Exercise aim:
Each record below must come back exactly as written; its pictures must not.

Source data:

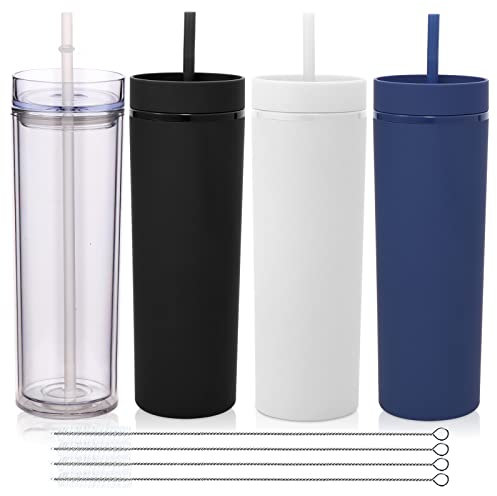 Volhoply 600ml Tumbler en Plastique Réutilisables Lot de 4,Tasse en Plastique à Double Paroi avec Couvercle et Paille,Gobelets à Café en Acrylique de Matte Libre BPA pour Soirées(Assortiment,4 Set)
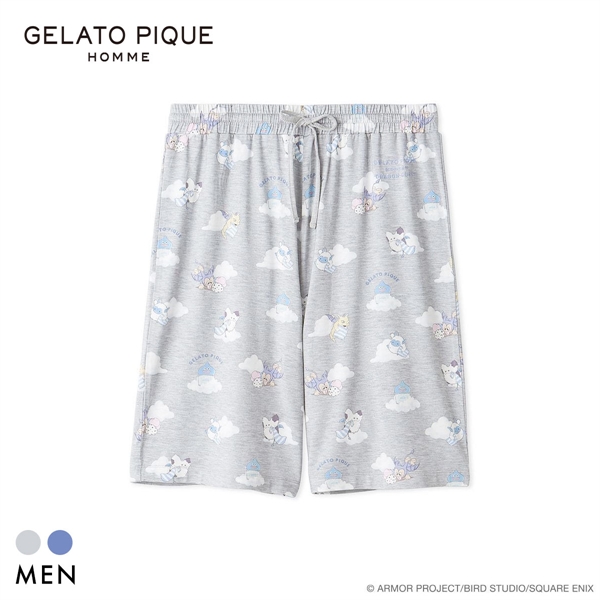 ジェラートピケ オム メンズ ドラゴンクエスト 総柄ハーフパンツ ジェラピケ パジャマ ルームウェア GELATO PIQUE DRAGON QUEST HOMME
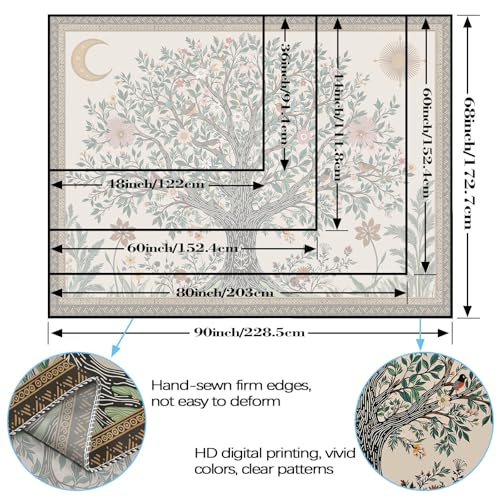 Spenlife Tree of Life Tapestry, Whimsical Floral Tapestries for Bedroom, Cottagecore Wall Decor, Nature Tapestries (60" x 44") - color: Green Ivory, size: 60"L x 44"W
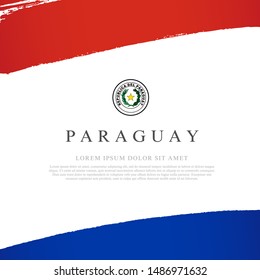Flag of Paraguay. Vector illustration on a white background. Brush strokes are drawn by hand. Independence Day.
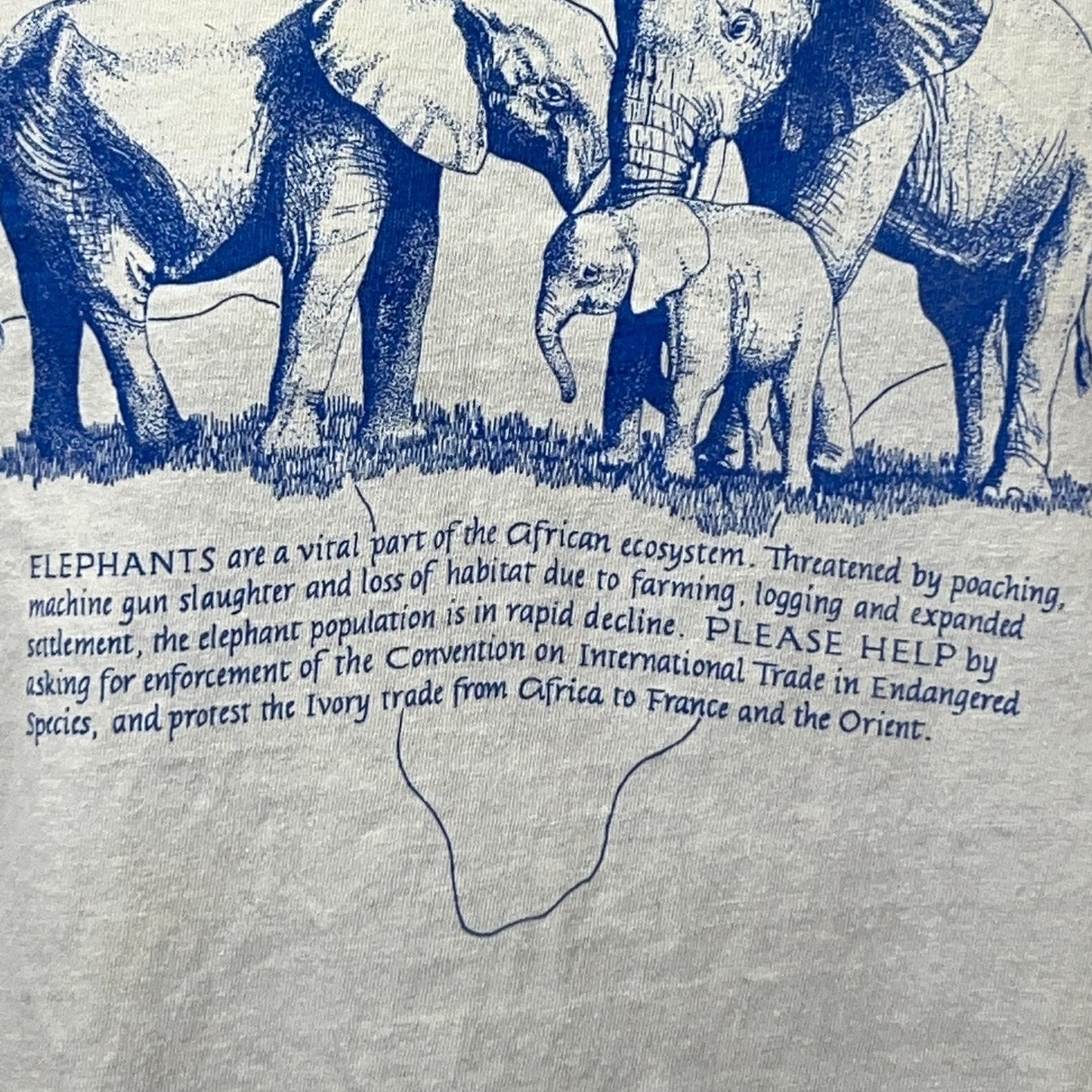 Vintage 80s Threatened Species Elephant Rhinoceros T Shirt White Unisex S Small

Result of the task:
 Volhoply 600ml Tumbler en Plastique Réutilisables Lot de 4,Tasse en Plastique à Double Paroi avec Couvercle et Paille,Gobelets à Café en Acrylique de Matte Libre BPA pour Soirées(Assortiment,4 Set)
 ジェラートピケ オム メンズ ドラゴンクエスト 総柄ハーフパンツ ジェラピケ パジャマ ルームウェア GELATO PIQUE DRAGON QUEST HOMME
 Spenlife Tree of Life Tapestry, Whimsical Floral Tapestries for Bedroom, Cottagecore Wall Decor, Nature Tapestries (60" x 44") - color: Green Ivory, size: 60"L x 44"W
Flag of Paraguay. Vector illustration on a white background. Brush strokes are drawn by hand. Independence Day.
 Vintage 80s Threatened Species Elephant Rhinoceros T Shirt White Unisex S Small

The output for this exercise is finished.